Brief descriptive captions:

•••

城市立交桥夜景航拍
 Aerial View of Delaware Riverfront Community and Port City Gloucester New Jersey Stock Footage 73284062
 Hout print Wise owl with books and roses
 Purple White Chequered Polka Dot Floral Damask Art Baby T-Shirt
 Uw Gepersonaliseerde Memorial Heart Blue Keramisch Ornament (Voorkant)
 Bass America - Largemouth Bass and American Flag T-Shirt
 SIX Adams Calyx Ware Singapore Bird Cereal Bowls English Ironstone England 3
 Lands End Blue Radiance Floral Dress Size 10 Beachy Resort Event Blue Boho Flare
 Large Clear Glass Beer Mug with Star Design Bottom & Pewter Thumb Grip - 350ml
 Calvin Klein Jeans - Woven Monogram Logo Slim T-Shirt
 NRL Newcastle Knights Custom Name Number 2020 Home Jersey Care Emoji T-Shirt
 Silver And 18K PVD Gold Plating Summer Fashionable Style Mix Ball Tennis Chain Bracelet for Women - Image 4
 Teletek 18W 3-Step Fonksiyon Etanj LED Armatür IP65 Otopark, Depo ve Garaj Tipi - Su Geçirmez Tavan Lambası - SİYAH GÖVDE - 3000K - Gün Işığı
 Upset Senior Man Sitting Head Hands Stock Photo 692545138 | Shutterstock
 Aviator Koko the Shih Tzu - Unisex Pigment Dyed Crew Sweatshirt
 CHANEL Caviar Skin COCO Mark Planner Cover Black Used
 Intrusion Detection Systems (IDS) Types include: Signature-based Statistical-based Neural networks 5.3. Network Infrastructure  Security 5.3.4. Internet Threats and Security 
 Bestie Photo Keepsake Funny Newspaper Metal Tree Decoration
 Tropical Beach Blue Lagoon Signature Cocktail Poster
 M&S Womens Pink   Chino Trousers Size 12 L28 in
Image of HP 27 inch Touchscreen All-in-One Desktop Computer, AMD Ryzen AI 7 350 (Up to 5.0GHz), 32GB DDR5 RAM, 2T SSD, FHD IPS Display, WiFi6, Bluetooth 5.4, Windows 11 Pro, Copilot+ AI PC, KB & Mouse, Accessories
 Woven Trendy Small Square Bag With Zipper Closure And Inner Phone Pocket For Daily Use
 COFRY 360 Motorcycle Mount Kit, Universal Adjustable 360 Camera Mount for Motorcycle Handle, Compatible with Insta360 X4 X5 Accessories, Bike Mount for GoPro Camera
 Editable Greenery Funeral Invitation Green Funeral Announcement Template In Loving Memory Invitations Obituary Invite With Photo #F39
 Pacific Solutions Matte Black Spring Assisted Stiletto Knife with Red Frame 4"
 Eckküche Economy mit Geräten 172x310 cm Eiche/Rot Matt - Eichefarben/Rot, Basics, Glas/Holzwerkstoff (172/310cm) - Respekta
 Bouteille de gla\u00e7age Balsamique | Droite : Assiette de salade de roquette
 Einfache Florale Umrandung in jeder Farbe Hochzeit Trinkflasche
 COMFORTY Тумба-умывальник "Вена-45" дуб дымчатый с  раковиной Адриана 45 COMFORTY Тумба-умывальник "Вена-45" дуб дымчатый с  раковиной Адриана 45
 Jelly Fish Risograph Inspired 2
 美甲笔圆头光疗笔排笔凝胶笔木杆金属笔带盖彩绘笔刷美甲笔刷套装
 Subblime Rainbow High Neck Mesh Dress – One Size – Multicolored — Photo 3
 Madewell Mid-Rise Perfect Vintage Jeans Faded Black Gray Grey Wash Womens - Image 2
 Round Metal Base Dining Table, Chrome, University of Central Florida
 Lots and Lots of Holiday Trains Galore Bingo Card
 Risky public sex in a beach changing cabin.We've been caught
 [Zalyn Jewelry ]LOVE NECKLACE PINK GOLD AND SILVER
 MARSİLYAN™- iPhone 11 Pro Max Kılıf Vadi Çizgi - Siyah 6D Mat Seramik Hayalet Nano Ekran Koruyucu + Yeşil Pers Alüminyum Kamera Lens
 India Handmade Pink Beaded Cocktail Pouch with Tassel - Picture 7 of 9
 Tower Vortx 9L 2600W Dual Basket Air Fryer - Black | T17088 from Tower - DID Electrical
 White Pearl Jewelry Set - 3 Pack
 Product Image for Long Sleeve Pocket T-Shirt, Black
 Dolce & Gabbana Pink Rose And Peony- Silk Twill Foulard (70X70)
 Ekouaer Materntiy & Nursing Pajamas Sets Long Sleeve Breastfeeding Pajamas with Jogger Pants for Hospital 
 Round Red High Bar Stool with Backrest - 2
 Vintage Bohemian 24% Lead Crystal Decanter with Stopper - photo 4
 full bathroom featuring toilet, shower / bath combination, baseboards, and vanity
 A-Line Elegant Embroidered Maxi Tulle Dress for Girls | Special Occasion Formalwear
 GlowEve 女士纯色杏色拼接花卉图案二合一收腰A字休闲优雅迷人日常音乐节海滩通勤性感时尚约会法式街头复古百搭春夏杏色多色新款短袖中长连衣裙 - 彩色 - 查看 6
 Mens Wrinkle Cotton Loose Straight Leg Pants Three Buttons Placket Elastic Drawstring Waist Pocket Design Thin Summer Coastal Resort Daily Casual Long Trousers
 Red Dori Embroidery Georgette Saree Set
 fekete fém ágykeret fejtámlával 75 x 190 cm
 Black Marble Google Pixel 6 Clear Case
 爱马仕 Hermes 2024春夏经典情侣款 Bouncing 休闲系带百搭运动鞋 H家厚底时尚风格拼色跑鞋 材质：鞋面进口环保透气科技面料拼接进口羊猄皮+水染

•••

**WORK INSTRUCTIONS**
What are the lines, exactly as written above, from the line with "Bass America - Largemouth" to the line with "Large Clear Glass", both included? Output only those.

**REPLY**
 Bass America - Largemouth Bass and American Flag T-Shirt
 SIX Adams Calyx Ware Singapore Bird Cereal Bowls English Ironstone England 3
 Lands End Blue Radiance Floral Dress Size 10 Beachy Resort Event Blue Boho Flare
 Large Clear Glass Beer Mug with Star Design Bottom & Pewter Thumb Grip - 350ml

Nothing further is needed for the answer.